EXCERPTED DATA:
········

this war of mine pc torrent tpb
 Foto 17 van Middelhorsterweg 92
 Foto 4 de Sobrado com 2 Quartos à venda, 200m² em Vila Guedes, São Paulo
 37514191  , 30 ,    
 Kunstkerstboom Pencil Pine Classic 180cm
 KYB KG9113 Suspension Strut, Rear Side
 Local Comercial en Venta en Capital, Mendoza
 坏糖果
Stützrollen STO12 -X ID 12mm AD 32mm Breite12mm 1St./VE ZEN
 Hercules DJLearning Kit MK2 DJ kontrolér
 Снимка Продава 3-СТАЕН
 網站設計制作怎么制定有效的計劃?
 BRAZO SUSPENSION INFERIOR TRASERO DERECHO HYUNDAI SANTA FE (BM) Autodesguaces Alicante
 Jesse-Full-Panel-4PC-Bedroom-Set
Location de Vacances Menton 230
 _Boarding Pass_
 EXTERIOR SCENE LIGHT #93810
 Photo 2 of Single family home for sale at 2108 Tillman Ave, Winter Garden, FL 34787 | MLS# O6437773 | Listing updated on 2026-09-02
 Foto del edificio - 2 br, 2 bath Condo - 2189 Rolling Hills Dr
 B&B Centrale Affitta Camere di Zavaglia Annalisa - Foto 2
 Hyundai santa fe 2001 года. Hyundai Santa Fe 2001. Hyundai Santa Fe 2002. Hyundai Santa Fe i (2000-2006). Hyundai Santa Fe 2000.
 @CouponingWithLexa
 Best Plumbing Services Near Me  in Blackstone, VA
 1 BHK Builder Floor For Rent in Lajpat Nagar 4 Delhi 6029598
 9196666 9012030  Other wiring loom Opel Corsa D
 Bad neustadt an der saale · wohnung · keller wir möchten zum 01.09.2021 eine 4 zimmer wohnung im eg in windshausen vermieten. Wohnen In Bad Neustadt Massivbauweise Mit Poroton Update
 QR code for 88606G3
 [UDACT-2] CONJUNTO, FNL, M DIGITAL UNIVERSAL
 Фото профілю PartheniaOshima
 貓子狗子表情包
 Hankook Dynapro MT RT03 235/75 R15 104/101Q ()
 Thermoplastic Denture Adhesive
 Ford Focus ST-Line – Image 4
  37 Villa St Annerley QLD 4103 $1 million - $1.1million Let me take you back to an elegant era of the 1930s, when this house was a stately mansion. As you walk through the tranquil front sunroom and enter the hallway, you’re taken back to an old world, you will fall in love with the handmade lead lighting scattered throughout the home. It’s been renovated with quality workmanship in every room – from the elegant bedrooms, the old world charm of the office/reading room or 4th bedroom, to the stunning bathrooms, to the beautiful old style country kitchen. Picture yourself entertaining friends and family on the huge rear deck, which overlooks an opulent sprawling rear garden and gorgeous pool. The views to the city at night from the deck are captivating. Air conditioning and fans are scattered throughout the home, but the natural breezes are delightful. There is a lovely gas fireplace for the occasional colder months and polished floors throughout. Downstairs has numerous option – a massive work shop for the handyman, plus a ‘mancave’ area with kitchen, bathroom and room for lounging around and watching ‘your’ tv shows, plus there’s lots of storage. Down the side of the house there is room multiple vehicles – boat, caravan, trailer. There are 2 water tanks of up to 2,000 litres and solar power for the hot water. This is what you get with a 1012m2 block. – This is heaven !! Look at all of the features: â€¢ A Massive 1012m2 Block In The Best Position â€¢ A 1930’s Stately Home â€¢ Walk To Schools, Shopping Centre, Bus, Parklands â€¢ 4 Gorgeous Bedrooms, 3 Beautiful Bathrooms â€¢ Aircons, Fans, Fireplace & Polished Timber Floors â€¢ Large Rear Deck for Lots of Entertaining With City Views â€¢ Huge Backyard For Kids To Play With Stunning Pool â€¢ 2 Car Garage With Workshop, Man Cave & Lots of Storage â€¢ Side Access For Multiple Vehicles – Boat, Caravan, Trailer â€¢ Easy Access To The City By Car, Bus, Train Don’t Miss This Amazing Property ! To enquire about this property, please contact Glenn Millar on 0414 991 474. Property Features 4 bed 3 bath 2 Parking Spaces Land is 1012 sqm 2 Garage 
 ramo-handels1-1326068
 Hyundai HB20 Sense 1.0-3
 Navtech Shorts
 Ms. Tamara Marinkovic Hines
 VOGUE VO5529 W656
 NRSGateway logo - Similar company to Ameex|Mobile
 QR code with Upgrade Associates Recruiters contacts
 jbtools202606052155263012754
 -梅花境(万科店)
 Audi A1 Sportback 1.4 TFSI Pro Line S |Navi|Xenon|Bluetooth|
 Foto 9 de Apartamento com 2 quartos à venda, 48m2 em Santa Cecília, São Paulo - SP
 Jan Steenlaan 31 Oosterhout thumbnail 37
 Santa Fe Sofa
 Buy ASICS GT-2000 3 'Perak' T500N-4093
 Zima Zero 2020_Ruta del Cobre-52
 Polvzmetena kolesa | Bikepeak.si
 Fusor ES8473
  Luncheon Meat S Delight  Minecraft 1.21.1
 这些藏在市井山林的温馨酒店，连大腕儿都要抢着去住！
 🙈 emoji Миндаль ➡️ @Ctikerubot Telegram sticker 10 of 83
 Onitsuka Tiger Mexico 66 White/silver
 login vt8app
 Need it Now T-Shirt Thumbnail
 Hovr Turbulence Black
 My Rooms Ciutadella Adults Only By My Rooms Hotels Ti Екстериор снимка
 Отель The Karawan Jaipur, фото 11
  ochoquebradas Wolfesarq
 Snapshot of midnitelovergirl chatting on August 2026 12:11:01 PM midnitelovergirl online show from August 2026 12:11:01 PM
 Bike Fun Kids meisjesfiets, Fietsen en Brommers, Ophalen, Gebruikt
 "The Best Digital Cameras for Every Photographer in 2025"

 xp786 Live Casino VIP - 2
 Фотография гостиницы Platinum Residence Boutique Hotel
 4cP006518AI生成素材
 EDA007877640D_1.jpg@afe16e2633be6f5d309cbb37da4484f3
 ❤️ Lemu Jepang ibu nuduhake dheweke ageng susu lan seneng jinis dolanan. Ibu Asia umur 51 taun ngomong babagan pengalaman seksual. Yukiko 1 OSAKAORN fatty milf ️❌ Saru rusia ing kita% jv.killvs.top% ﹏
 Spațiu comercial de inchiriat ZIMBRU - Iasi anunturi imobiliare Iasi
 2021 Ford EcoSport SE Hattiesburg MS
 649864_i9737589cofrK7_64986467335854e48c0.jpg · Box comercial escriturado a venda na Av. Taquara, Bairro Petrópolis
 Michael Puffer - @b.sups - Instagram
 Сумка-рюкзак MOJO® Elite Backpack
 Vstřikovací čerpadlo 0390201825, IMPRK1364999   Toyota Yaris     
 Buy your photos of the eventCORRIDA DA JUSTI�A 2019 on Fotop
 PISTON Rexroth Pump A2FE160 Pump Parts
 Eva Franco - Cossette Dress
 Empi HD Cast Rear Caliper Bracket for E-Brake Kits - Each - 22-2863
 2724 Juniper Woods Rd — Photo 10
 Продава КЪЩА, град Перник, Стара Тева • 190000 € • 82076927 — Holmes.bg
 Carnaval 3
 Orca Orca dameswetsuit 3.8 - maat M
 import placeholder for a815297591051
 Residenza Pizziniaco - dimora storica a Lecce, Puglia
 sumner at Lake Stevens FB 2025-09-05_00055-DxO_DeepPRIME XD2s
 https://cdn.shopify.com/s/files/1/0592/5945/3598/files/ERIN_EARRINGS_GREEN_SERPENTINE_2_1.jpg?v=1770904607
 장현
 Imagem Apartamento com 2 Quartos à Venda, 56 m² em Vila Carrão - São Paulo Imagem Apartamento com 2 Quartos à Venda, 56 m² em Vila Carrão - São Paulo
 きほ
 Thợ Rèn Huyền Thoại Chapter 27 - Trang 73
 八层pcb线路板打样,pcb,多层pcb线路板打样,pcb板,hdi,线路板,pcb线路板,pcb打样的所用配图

········

REQUIREMENT: Starting at the top of the records, copy every line exactly.

RESPONSE TO THIS EXERCISE:
this war of mine pc torrent tpb
 Foto 17 van Middelhorsterweg 92
 Foto 4 de Sobrado com 2 Quartos à venda, 200m² em Vila Guedes, São Paulo
 37514191  , 30 ,    
 Kunstkerstboom Pencil Pine Classic 180cm
 KYB KG9113 Suspension Strut, Rear Side
 Local Comercial en Venta en Capital, Mendoza
 坏糖果
Stützrollen STO12 -X ID 12mm AD 32mm Breite12mm 1St./VE ZEN
 Hercules DJLearning Kit MK2 DJ kontrolér
 Снимка Продава 3-СТАЕН
 網站設計制作怎么制定有效的計劃?
 BRAZO SUSPENSION INFERIOR TRASERO DERECHO HYUNDAI SANTA FE (BM) Autodesguaces Alicante
 Jesse-Full-Panel-4PC-Bedroom-Set
Location de Vacances Menton 230
 _Boarding Pass_
 EXTERIOR SCENE LIGHT #93810
 Photo 2 of Single family home for sale at 2108 Tillman Ave, Winter Garden, FL 34787 | MLS# O6437773 | Listing updated on 2026-09-02
 Foto del edificio - 2 br, 2 bath Condo - 2189 Rolling Hills Dr
 B&B Centrale Affitta Camere di Zavaglia Annalisa - Foto 2
 Hyundai santa fe 2001 года. Hyundai Santa Fe 2001. Hyundai Santa Fe 2002. Hyundai Santa Fe i (2000-2006). Hyundai Santa Fe 2000.
 @CouponingWithLexa
 Best Plumbing Services Near Me  in Blackstone, VA
 1 BHK Builder Floor For Rent in Lajpat Nagar 4 Delhi 6029598
 9196666 9012030  Other wiring loom Opel Corsa D
 Bad neustadt an der saale · wohnung · keller wir möchten zum 01.09.2021 eine 4 zimmer wohnung im eg in windshausen vermieten. Wohnen In Bad Neustadt Massivbauweise Mit Poroton Update
 QR code for 88606G3
 [UDACT-2] CONJUNTO, FNL, M DIGITAL UNIVERSAL
 Фото профілю PartheniaOshima
 貓子狗子表情包
 Hankook Dynapro MT RT03 235/75 R15 104/101Q ()
 Thermoplastic Denture Adhesive
 Ford Focus ST-Line – Image 4
  37 Villa St Annerley QLD 4103 $1 million - $1.1million Let me take you back to an elegant era of the 1930s, when this house was a stately mansion. As you walk through the tranquil front sunroom and enter the hallway, you’re taken back to an old world, you will fall in love with the handmade lead lighting scattered throughout the home. It’s been renovated with quality workmanship in every room – from the elegant bedrooms, the old world charm of the office/reading room or 4th bedroom, to the stunning bathrooms, to the beautiful old style country kitchen. Picture yourself entertaining friends and family on the huge rear deck, which overlooks an opulent sprawling rear garden and gorgeous pool. The views to the city at night from the deck are captivating. Air conditioning and fans are scattered throughout the home, but the natural breezes are delightful. There is a lovely gas fireplace for the occasional colder months and polished floors throughout. Downstairs has numerous option – a massive work shop for the handyman, plus a ‘mancave’ area with kitchen, bathroom and room for lounging around and watching ‘your’ tv shows, plus there’s lots of storage. Down the side of the house there is room multiple vehicles – boat, caravan, trailer. There are 2 water tanks of up to 2,000 litres and solar power for the hot water. This is what you get with a 1012m2 block. – This is heaven !! Look at all of the features: â€¢ A Massive 1012m2 Block In The Best Position â€¢ A 1930’s Stately Home â€¢ Walk To Schools, Shopping Centre, Bus, Parklands â€¢ 4 Gorgeous Bedrooms, 3 Beautiful Bathrooms â€¢ Aircons, Fans, Fireplace & Polished Timber Floors â€¢ Large Rear Deck for Lots of Entertaining With City Views â€¢ Huge Backyard For Kids To Play With Stunning Pool â€¢ 2 Car Garage With Workshop, Man Cave & Lots of Storage â€¢ Side Access For Multiple Vehicles – Boat, Caravan, Trailer â€¢ Easy Access To The City By Car, Bus, Train Don’t Miss This Amazing Property ! To enquire about this property, please contact Glenn Millar on 0414 991 474. Property Features 4 bed 3 bath 2 Parking Spaces Land is 1012 sqm 2 Garage 
 ramo-handels1-1326068
 Hyundai HB20 Sense 1.0-3
 Navtech Shorts
 Ms. Tamara Marinkovic Hines
 VOGUE VO5529 W656
 NRSGateway logo - Similar company to Ameex|Mobile
 QR code with Upgrade Associates Recruiters contacts
 jbtools202606052155263012754
 -梅花境(万科店)
 Audi A1 Sportback 1.4 TFSI Pro Line S |Navi|Xenon|Bluetooth|
 Foto 9 de Apartamento com 2 quartos à venda, 48m2 em Santa Cecília, São Paulo - SP
 Jan Steenlaan 31 Oosterhout thumbnail 37
 Santa Fe Sofa
 Buy ASICS GT-2000 3 'Perak' T500N-4093
 Zima Zero 2020_Ruta del Cobre-52
 Polvzmetena kolesa | Bikepeak.si
 Fusor ES8473
  Luncheon Meat S Delight  Minecraft 1.21.1
 这些藏在市井山林的温馨酒店，连大腕儿都要抢着去住！
 🙈 emoji Миндаль ➡️ @Ctikerubot Telegram sticker 10 of 83
 Onitsuka Tiger Mexico 66 White/silver
 login vt8app
 Need it Now T-Shirt Thumbnail
 Hovr Turbulence Black
 My Rooms Ciutadella Adults Only By My Rooms Hotels Ti Екстериор снимка
 Отель The Karawan Jaipur, фото 11
  ochoquebradas Wolfesarq
 Snapshot of midnitelovergirl chatting on August 2026 12:11:01 PM midnitelovergirl online show from August 2026 12:11:01 PM
 Bike Fun Kids meisjesfiets, Fietsen en Brommers, Ophalen, Gebruikt
 "The Best Digital Cameras for Every Photographer in 2025"

 xp786 Live Casino VIP - 2
 Фотография гостиницы Platinum Residence Boutique Hotel
 4cP006518AI生成素材
 EDA007877640D_1.jpg@afe16e2633be6f5d309cbb37da4484f3
 ❤️ Lemu Jepang ibu nuduhake dheweke ageng susu lan seneng jinis dolanan. Ibu Asia umur 51 taun ngomong babagan pengalaman seksual. Yukiko 1 OSAKAORN fatty milf ️❌ Saru rusia ing kita% jv.killvs.top% ﹏
 Spațiu comercial de inchiriat ZIMBRU - Iasi anunturi imobiliare Iasi
 2021 Ford EcoSport SE Hattiesburg MS
 649864_i9737589cofrK7_64986467335854e48c0.jpg · Box comercial escriturado a venda na Av. Taquara, Bairro Petrópolis
 Michael Puffer - @b.sups - Instagram
 Сумка-рюкзак MOJO® Elite Backpack
 Vstřikovací čerpadlo 0390201825, IMPRK1364999   Toyota Yaris     
 Buy your photos of the eventCORRIDA DA JUSTI�A 2019 on Fotop
 PISTON Rexroth Pump A2FE160 Pump Parts
 Eva Franco - Cossette Dress
 Empi HD Cast Rear Caliper Bracket for E-Brake Kits - Each - 22-2863
 2724 Juniper Woods Rd — Photo 10
 Продава КЪЩА, град Перник, Стара Тева • 190000 € • 82076927 — Holmes.bg
 Carnaval 3
 Orca Orca dameswetsuit 3.8 - maat M
 import placeholder for a815297591051
 Residenza Pizziniaco - dimora storica a Lecce, Puglia
 sumner at Lake Stevens FB 2025-09-05_00055-DxO_DeepPRIME XD2s
 https://cdn.shopify.com/s/files/1/0592/5945/3598/files/ERIN_EARRINGS_GREEN_SERPENTINE_2_1.jpg?v=1770904607
 장현
 Imagem Apartamento com 2 Quartos à Venda, 56 m² em Vila Carrão - São Paulo Imagem Apartamento com 2 Quartos à Venda, 56 m² em Vila Carrão - São Paulo
 きほ
 Thợ Rèn Huyền Thoại Chapter 27 - Trang 73
 八层pcb线路板打样,pcb,多层pcb线路板打样,pcb板,hdi,线路板,pcb线路板,pcb打样的所用配图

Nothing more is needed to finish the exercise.